Saved entries:
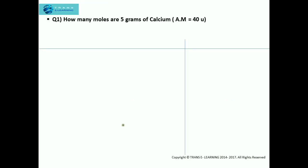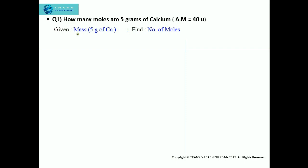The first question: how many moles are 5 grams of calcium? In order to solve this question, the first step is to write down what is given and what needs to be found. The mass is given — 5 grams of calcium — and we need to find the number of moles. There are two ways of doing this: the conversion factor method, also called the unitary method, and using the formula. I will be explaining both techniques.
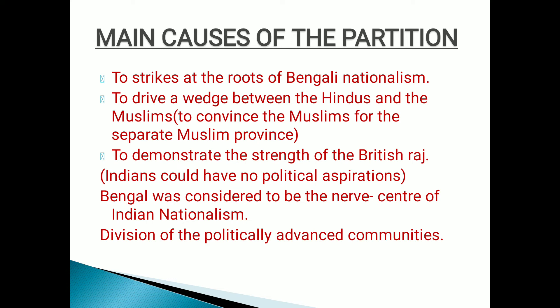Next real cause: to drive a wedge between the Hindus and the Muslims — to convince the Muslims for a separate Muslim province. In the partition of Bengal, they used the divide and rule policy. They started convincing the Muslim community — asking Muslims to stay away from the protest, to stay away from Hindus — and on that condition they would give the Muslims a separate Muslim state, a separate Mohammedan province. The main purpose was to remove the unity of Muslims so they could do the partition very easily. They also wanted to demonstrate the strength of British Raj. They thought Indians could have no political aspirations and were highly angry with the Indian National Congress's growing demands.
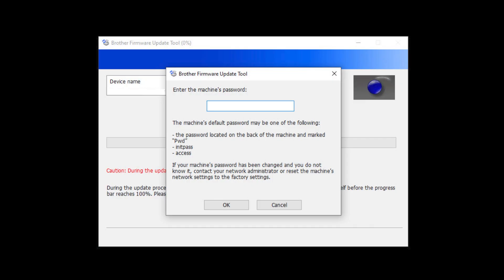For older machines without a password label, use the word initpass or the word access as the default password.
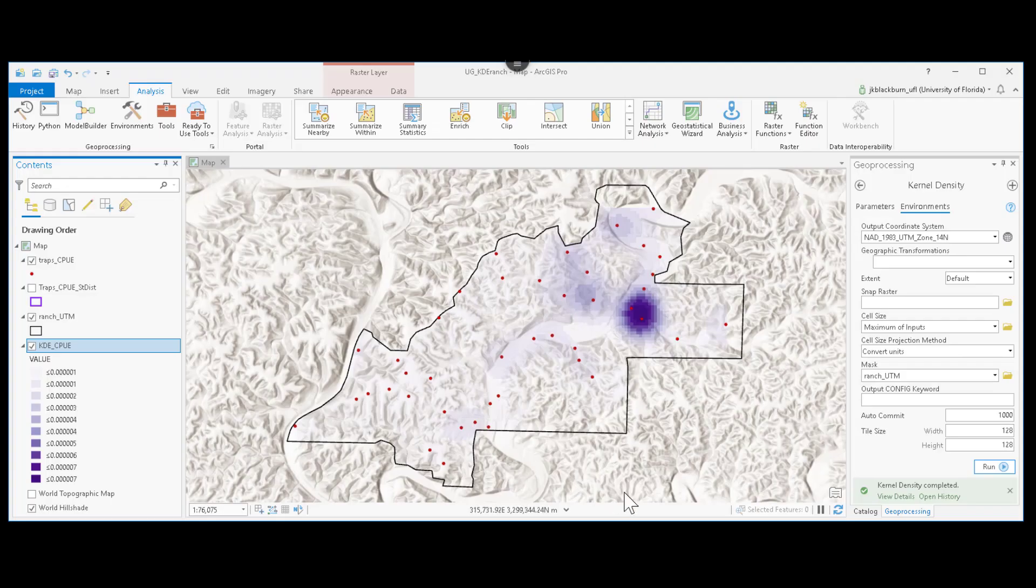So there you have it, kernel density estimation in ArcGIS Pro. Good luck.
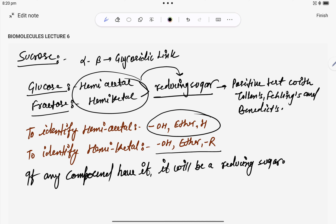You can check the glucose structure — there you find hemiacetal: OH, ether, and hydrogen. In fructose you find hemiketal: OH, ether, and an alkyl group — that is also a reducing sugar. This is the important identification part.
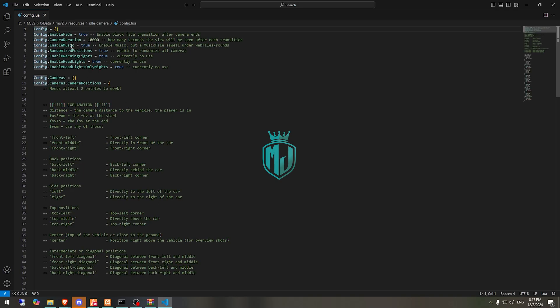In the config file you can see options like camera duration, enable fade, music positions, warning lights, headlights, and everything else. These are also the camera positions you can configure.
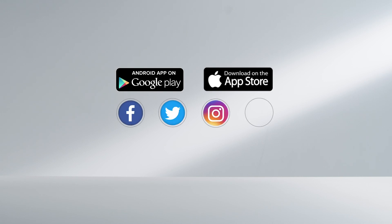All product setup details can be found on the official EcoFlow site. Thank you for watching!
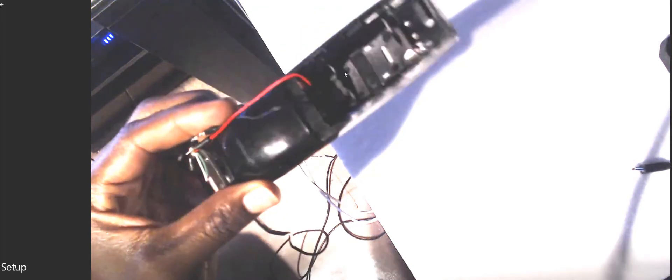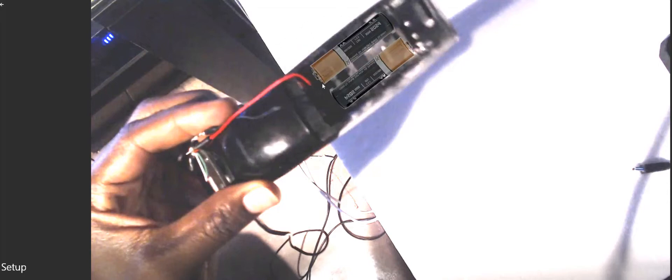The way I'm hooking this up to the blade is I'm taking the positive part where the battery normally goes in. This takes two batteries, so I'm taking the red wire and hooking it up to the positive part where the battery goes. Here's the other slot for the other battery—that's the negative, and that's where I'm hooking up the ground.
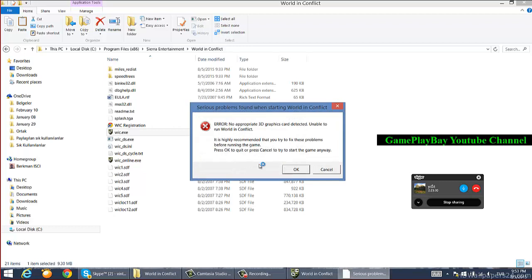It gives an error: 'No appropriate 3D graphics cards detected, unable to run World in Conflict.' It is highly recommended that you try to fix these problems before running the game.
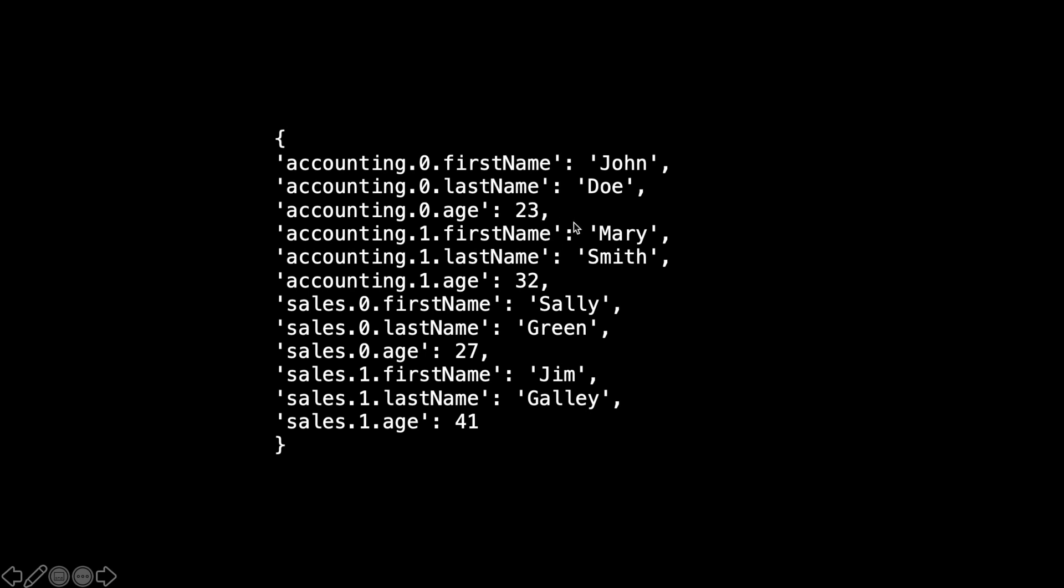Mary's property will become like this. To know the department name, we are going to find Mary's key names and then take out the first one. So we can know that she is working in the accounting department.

| Aim of the exercise |
Please give an exact copy of the lines from the line containing "All product setup" through the end of the records above, pictures excluded.

| Worked solution |
All product setup details can be found on the official EcoFlow site. Thank you for watching!
The way I'm hooking this up to the blade is I'm taking the positive part where the battery normally goes in. This takes two batteries, so I'm taking the red wire and hooking it up to the positive part where the battery goes. Here's the other slot for the other battery—that's the negative, and that's where I'm hooking up the ground.
It gives an error: 'No appropriate 3D graphics cards detected, unable to run World in Conflict.' It is highly recommended that you try to fix these problems before running the game.
Mary's property will become like this. To know the department name, we are going to find Mary's key names and then take out the first one. So we can know that she is working in the accounting department.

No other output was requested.